Writing the insulin prescription so the patient gets the formulary preference and doesn’t run out of insulin too soon is as important as helping them with the first injection.
Of patients prescribed insulin, 25% never use or refill the prescription. About 62% of patients have interrupted and 18% have discontinued therapy within in a year. Medications only work if patients take them. 1,2
First things first: How do you determine formulary preference?
While there is likely some imbedded formulary information in your EMR, it is not always correct.
Several apps help you look up insurance formulary preferences.
- Coverage Search is free and I use it on my cell phone on a daily basis. The logo will help identify and download the correct app.
- Steps to use:
a. Enter the Drug
b. The Region: Your city
c. The Channel: Commercial, Medicare, State Medicaid, Health Exchange or Managed Medicaid
What is covered will be green, yellow may be covered but prior auth required, if what you want is not covered (Red), check the covered alternatives tab
- Fingertip formulary, part of DRG (Decision Resources Group) is another app to use.
Some insurance companies only fill a 30 day script. Mail order requires a 90 day and typically you may not use the co-pay savings cards with the mail order.
If you write a 90 day eRX locally, the pharmacist has the authority to fill 30 day supply if that is what the insurance covers.
The Math Part: if you are initiating basal insulin for your T2DM patient, at 0.2u/kg (or body weight x 10%) as a starting dose, that would be the dose/number in the sig.

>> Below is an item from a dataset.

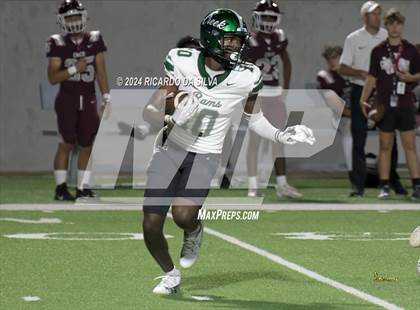 Thumbnail 1 in Cinco Ranch vs Mayde Creek photogallery.
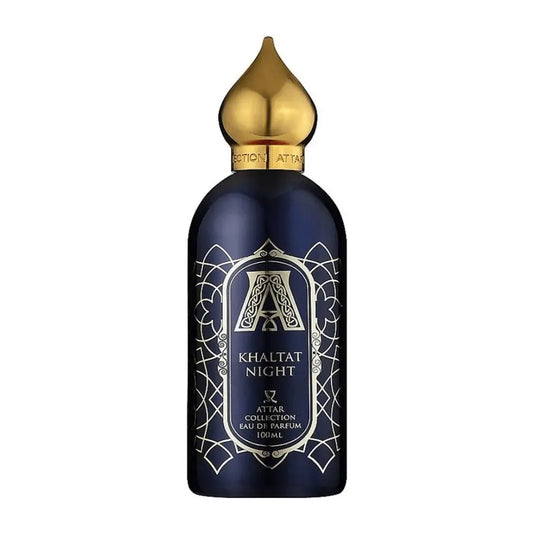 fragrance_samples - shop_duukscents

Be sure to also Include titration instructions and ICD-10 diagnosis.
Example: Inject 20u/d. Increase by 2u/day until fasting glucose less than 110mg. 3 boxes of 5 pens/90d. DX E11.9
Dispense: 45ml 3 refills
CRITICAL: In the note to the pharmacy include: Maximum dose expected 50u/d. 3 boxes of 5 pens/90d. Patient bringing activated co-pay card.
The note to the pharmacy allows the pharmacist to dispense more than the patient is actually taking/starting. If they are audited, you have documented the expected dose so they are dispensing accurately. And if you are titrating the patient doesn’t have to try to get a new Rx when the dose exceeds the initial starting amount.
Medicaid, Medicare and Tri-Care, as government programs, are not allowed to use co-pay discount cards. Commercial insurance, even the high deductible exchange insurance plans are able to use co-pay cards. Some act as secondary insurance there by bypassing the need for prior authorization. Some pay a substantial amount toward the deductible.
And finally, after you send the eRX to the local pharmacy, best practice is to take the extra 3 minutes and call the pharmacy to: a) verify they received the script AND the pen needle or syringe script, b) ask them to run the script so while the patient is with you, they know their out of pocket cost and c) clarify the amount the patient will receive, ie, 1 box of 5 pens for 28 days, 30 days?
To facilitate a safe start: if you have samples of insulin, helping the patient take their first injection while they are with you will help ensure that they know that it “doesn’t hurt” and that they are not injecting insulin into the “orange” or other practice device. You can verify their technique, reinforce storage and disposal and re-assure them that while the pharmacist has to store it in the refrigerator, they DON’T have to.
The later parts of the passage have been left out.